§ **Goal of the exercise**:
Copy out exactly the lines spanning the line with "6, HIGHGROVE MEADOWS, PRIORSLEE, TELFORD, TF2" to the line with "芒果体育十大国产GPU产品及规格概述(图9)", inclusive, from the data underneath, with no pictures.

§ **Material supplied**:
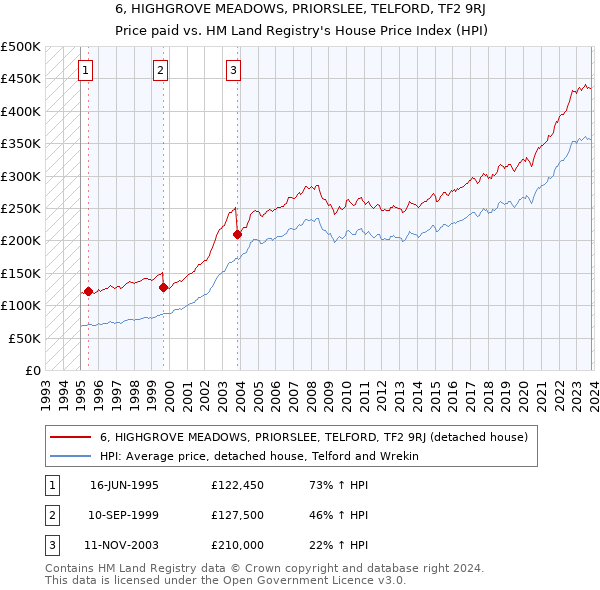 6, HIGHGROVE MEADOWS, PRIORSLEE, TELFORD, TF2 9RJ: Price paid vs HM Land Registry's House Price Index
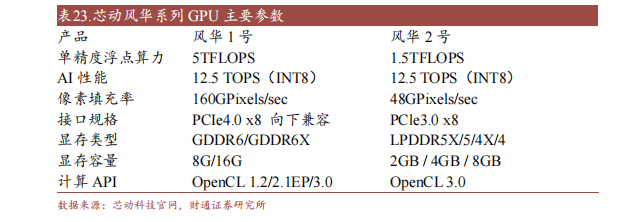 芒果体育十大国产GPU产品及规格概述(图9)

* * *

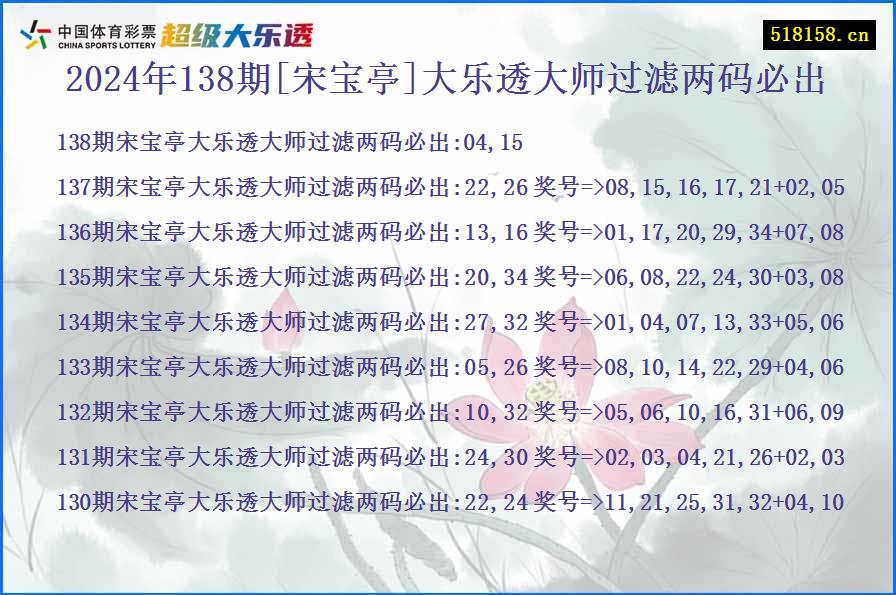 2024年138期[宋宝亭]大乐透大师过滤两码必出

§ **Output for this task**:
 6, HIGHGROVE MEADOWS, PRIORSLEE, TELFORD, TF2 9RJ: Price paid vs HM Land Registry's House Price Index
 芒果体育十大国产GPU产品及规格概述(图9)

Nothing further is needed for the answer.